The Last Hurrah


"Bam-a-lam, the damn thing gone wild"

Pie and I attended the last farmers' market of the season last night. We ate copious amounts of still-warm kettle corn and enjoyed a performance by a local musician. The kid danced on the sidewalk and spun around until she was dizzy, lurching into the path of passersby. She happened upon a stray nickel on the sidewalk and then waved it exultantly. "Look! I found a quarter!" What can I say, she's got a lot of "joie de vivre."

The last farmers' market does indeed seem to signal summer's end. We have half a bag of leftover kettle corn in the pantry at home and once that's gone, withdrawal will set in. May seems awfully far away.

I bought some potatoes and bi-color corn at the market, which makes it official that I failed to reach a goal I set at the beginning of the summer. I had every intention of learning how to prepare an obscure vegetable of some sort. The hard-working Hmong farmers always have so many interesting things laid out at the farmers' market, but I don't know what the heck they are, so I don't buy them. Many of the farmers don't speak English fluently, so it's difficult to ask, "Hey, what is this thing and, um, what should I do with it?" Their sullen, Americanized teens aren't much help either. Ah well, maybe next year. Until then I guess I'll stick with the bland. My mother always says that I'd "think a mashed potato sandwich was too spicy."

We stopped to buy some water (to wash down all the kettle corn) and a woman standing next to the counter looked down at my daughter and started chatting with her. "Look at those beautiful curls," she said. "Oh, and those eyes!" She looked up at me and told me that I would be in big trouble in a few years, which is something I've already started to suspect. I elbowed A and reminded her to say thank you to the nice lady.

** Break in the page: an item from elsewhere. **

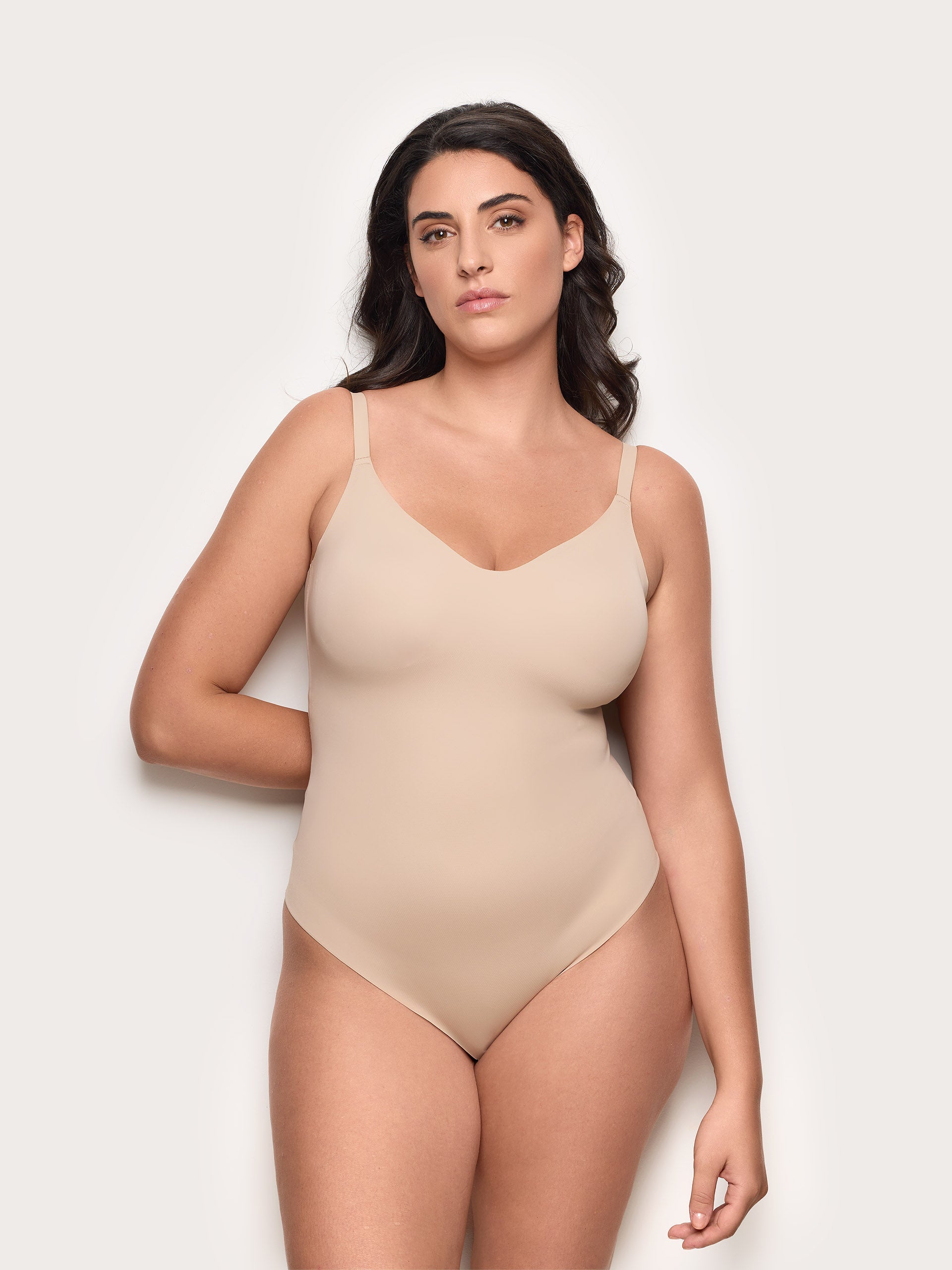 Body modellante light invisibile con coppe estraibili Superfine Shaping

It's funny . . . I always hold my breath and wait to see if the admirer of my child will look at me and then say something about how she doesn't look like me. But, they never do. My youngest sister has red, curly hair and when she was little, people would always look at our mom and say, "Well now, where did the red hair come from?" Mom always appreciated having strangers implying that her child was illegitimate. The other memory I have is that people would come up to our family (of three daughters) and say, "Aren't you going to try for a boy?" My mom would jokingly say something like, "No, because the last kid took my uterus with her on the way out," (which was pretty much true -it was a bad scene when the redheaded troublemaker was born). Maybe people are just more polite in the Midwest than on the East coast, where I grew up. My daughter has beautiful blue-grey eyes, gloriously curly hair, and tan skin (year-round) that I overtly covet. She may not look like me, but someday she'll be glad that she didn't have to spend a lifetime saddled with the gooey mess that is my DNA.

In any case, I have never been mistaken for her nanny or anything like that, so that's a plus. Maybe it is the way I run after her, shouting, "Not so close to the road! Put your dress down! Your shoes are on the wrong feet!" in a way that only a mother can.


What you don't see is the strange man sitting to the left of her, drinking a forty out of a paper bag. We moved.


She was trying to tell me that she's a "Growly Gus" (from Wow Wow Wubbzy), but she kept laughing.

Comments

Susie said…
I just wanna kiss those cheeks of hers! Such a cutie. Bye bye summer--let the fun of fall begin!